=== GOAL OF THE EXERCISE ===
Make an exact copy of all the data, pictures excluded.

=== SOURCE DATA ===
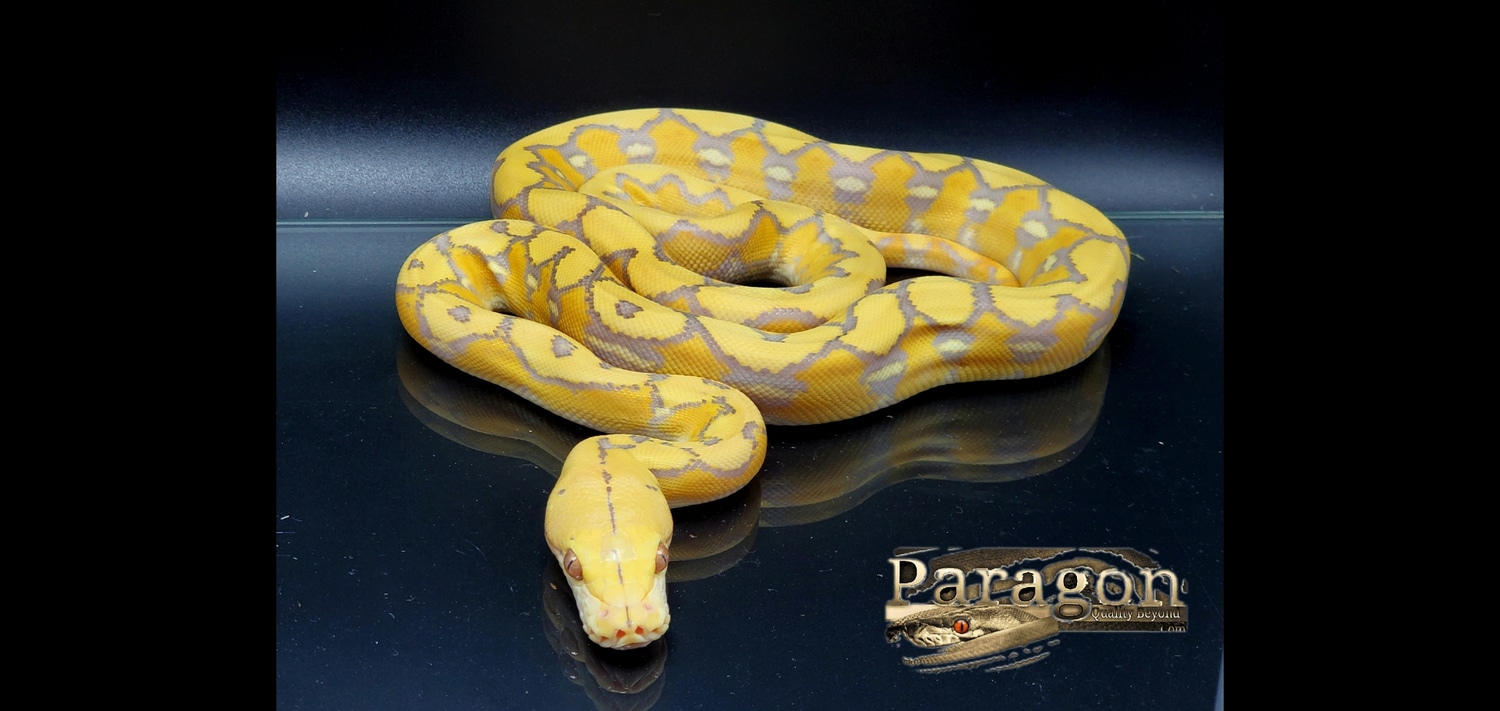 Purple Sunfire Reticulated Python by Paragon Exotics - MorphMarket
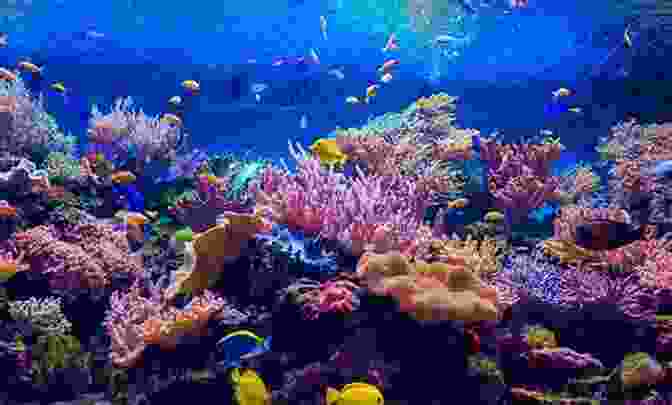 A Diver Exploring A Colorful Coral Reef Exploring Pros And Cons Of Scuba Diving: How To Equalize Pressure In The Ears Sinuses And Mask: Advantages And Disadvantages Of Diving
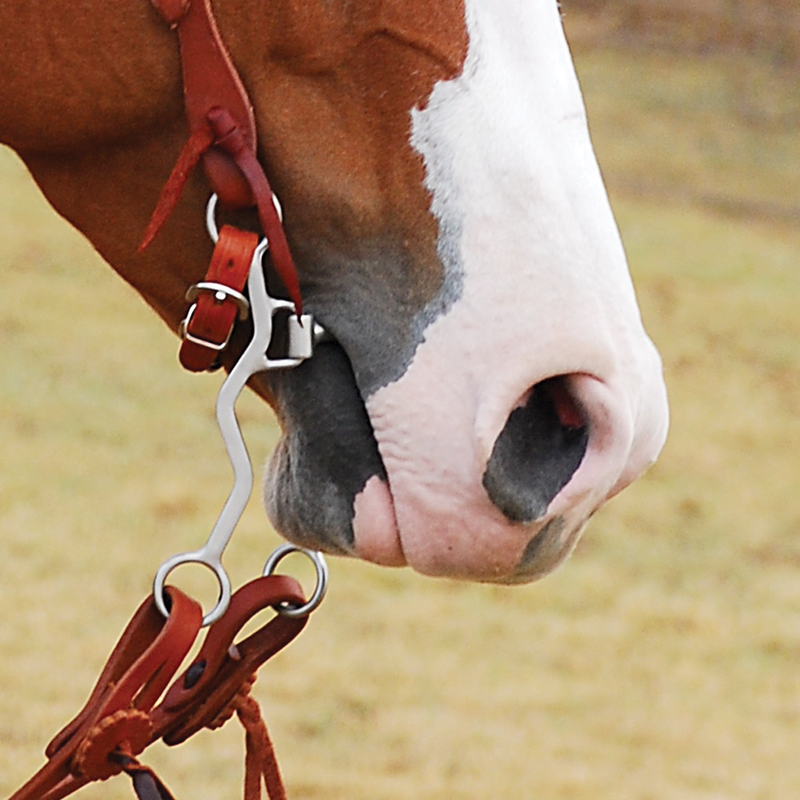Load image into Gallery viewer, Classic Equine Rickey Green Chain Bit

=== YOUR SOLUTION ===
 Purple Sunfire Reticulated Python by Paragon Exotics - MorphMarket
 A Diver Exploring A Colorful Coral Reef Exploring Pros And Cons Of Scuba Diving: How To Equalize Pressure In The Ears Sinuses And Mask: Advantages And Disadvantages Of Diving
Load image into Gallery viewer, Classic Equine Rickey Green Chain Bit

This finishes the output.